Question

A 3.0-kg block is on a horizontal surface. The block is at rest when, at t = 0, a force (magnitude P = 12 N) acting parallel to the surface is applied to the block causing it to accelerate. The coefficient of kinetic friction between the block and the surface is 0.20. At what rate is the force P doing work on the block at t = 2.0 s?

Answer 1

Explanation:

It is given that,

Mass of the block, m = 3 kg

Initially, the block is at rest, u = 0

Force acting on the block, P = 12 N

The coefficient of kinetic friction between the block and the surface is, $\mu_k=0.2$

We need to find the rate is the force P doing work on the block at t = 2.0 s.
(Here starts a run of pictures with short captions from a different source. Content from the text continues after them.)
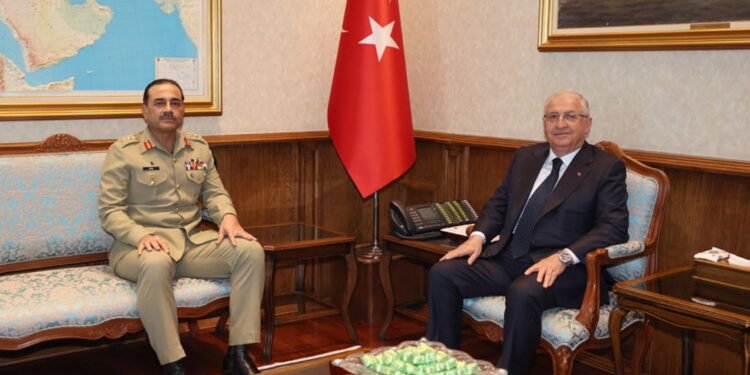 Bakan Güler, Pakistan Kara Kuvvetleri Komutanı'nı kabul etti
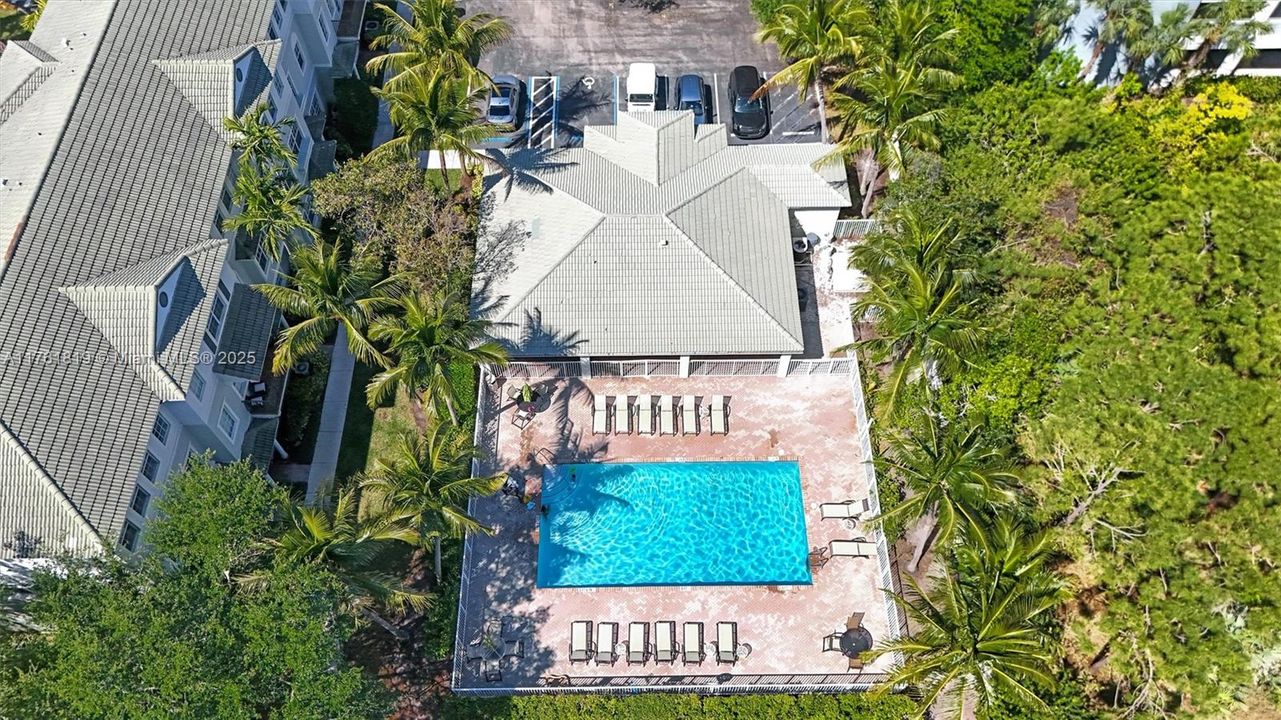 Недавно продано: $499,000 (3 спален, 2 ванн, 1669 Квадратных фут)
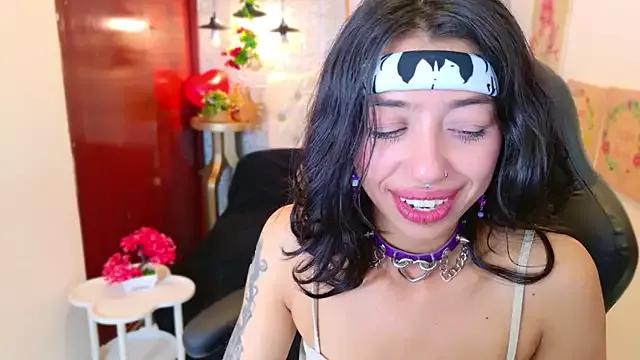 REDHOTTER_ on StripChat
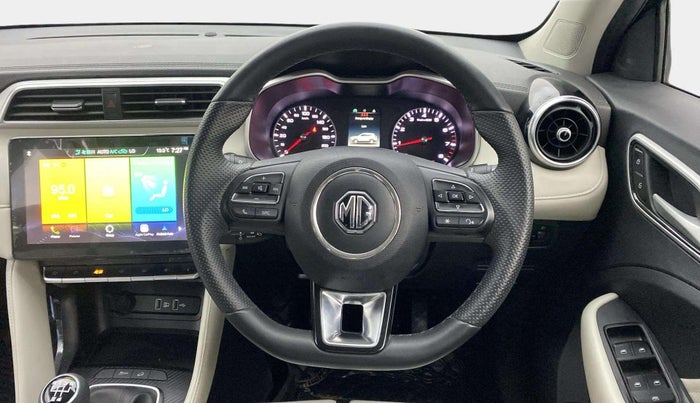 2024 MG ASTOR Shine 1.5 MT (Ivory), Petrol, Manual, 11,908 km, Steering Wheel Close Up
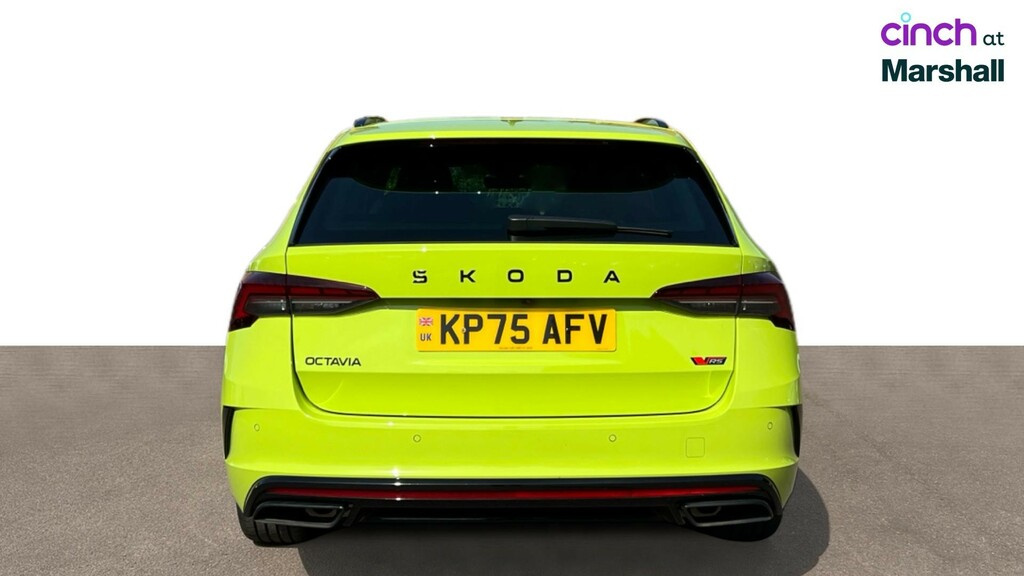 Skoda Octavia 1.5 Tsi 150 E-tec Sportline Dsg Red #4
The rate at which work is done is called the power. Let is equal to P'

Frictional force acting on the block, $f=\mu_k mg$

$f=0.2\times 3\ kg\times 9.8\ m/s^2=5.88\ N$

So, the net force acting on the block, F = P - f

$F=12-5.88=6.12\ N$

Let a is the acceleration of the block, $a=\dfrac{F}{m}$

$a=\dfrac{6.12}{3}=2.04\ m/s^2$

Let v is the velocity of the block after 2 seconds. So,

$v=u+at$

$v=0+2.04\times 2$

v = 4.08 m/s

Power, $P'=\dfrac{W}{t}=\dfrac{F.d}{t}=F.v$

$P'=12\ N\times 4.08\ m/s=48.96\ Watts$

So, the force P is doing work on the block at the rate of 48.96 watts.